Cantar, trautear, ficar a ouvir ou dançar são constantes ao longo da ação de “Aquilo que Ouvíamos”, que chega ao palco no ano em que o Teatro do Vestido assinala 20 anos de existência.

Sobre o processo de construção do texto, Joana Craveiro disse à Lusa ter escrito “muito por cima das músicas, a propósito daquilo que eles estavam a fazer” ou dos desafios que iam lançando uns aos outros sobre alguns temas.

“Aquilo que Ouvíamos" vai também permitir aos espectadores redescobrirem uma Lisboa e outras cidades onde as histórias musicais nele contadas possam ainda ecoar.

Neste espetáculo, que parte das experiências de escuta de música alternativa – de meados dos anos 1980 à passagem para os anos 1990 –, cabem várias gerações e vivências, pelo que acaba também por ser uma peça sobre as atividades e as experiências dos que se organizavam em torno dessas músicas.

Com texto e direção de Joana Craveiro, “Aquilo que Ouvíamos” tem cocriação e interpretação de Estêvão Antunes, Inês Rosado, Joana Craveiro e Tânia Guerreiro.

Os músicos convidados, que também participaram na criação do espetáculo, compuseram a banda sonora e a interpretam, são Bruno Pinto, Francisco Madureira e os Loosers (Guilherme Canhão, José Miguel Rodrigues e Rui Dâmaso).

O espetáculo conta com a participação especial de Ricardo Jerónimo, Sónia Guerra e Tatiana Damaya .

Os figurinos são de Tânia Guerreiro, a cenografia, de Carla Martinez, a imagem, de João Paulo Serafim e, o vídeo direto, de Henrique Antunes, Sónia Guerra e Tatiana Damaya, além de João Paulo Serafim.
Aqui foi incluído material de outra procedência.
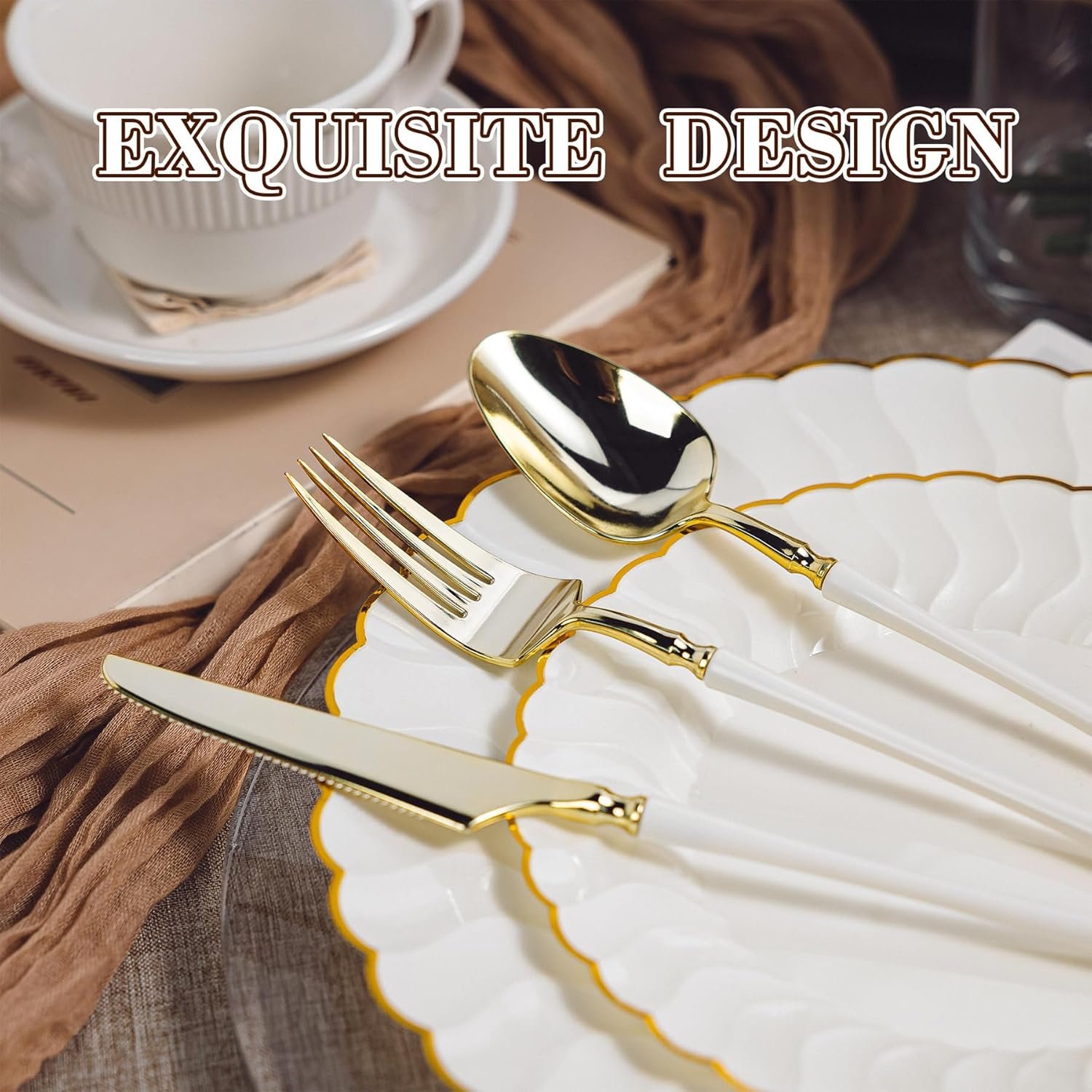 Wholesale 150PCS Ivory Plates with Gold Disposable Silverware Including 60 Scalloped Plastic Plates 30 Knives 30 Forks 30 Spoons Elegant Lightweight for Weddings Birthdays Parties Supplier Wholesale 150PCS Ivory Plates with Gold Disposable Silverware Including 60 Scalloped Plastic Plates 30 Knives 30 Forks 30 Spoons Elegant Lightweight for Weddings Birthdays Parties Supplier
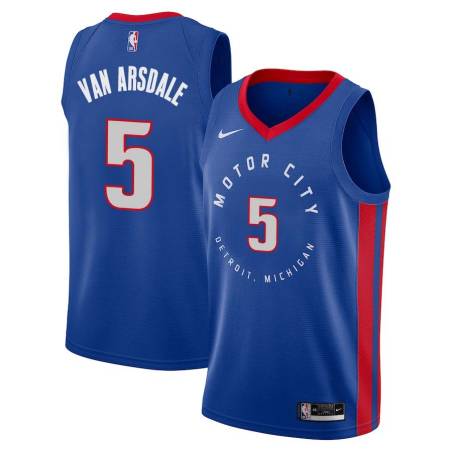 2020-21City Tom Van Arsdale Pistons #5 Twill Basketball Jersey FREE SHIPPING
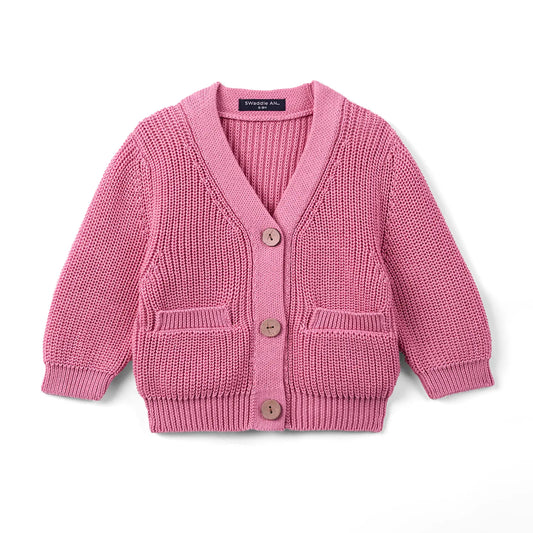 Classic Cardigan with Pockets in Rose Pink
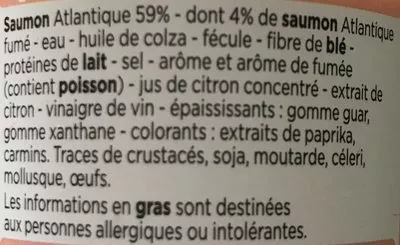 Lista de ingredientes del producto Rillettes de saumon Franprix 150 g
A iluminação é de Leocádia Silva e o som de Pedro Baptista e Sérgio Milhano.

“Aquilo que Ouvíamos” vai estar em cena no Lux Frágil, até 25 de junho, com representações de terça-feira a domingo, às 20h00.
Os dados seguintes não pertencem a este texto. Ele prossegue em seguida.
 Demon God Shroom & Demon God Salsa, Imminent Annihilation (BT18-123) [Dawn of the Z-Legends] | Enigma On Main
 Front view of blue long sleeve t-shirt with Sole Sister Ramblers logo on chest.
Em janeiro de 2022, será representando no Teatro Carlos Alberto, no Porto, já que se trata de uma produção conjunta do S. Luiz Teatro Municipal e do Teatro Nacional S. João (TNSJ).

Ainda este ano, o Teatro do Vestido irá estrear uma nova criação: "Juventude Inquieta", inspirado n'"A Cidade das Flores", o primeiro romance de Augusto Abelaira (1926-2003).

A obra, escrita no final dos anos de 1950, visa diretamente a ditadura portuguesa de Oliveira Salazar, através de jovens da cidade italiana de Florença que partilham paixões e o ódio ao regime fascista de Benito Mussolini.

Abelaira, após o 25 de Abril de 1974, tornou claro que fizera apelo à "reterritorialização" para criticar o Estado Novo e evitar a censura, e refletir sobre o conformismo de gerações, que viviam já 30 anos de repressão.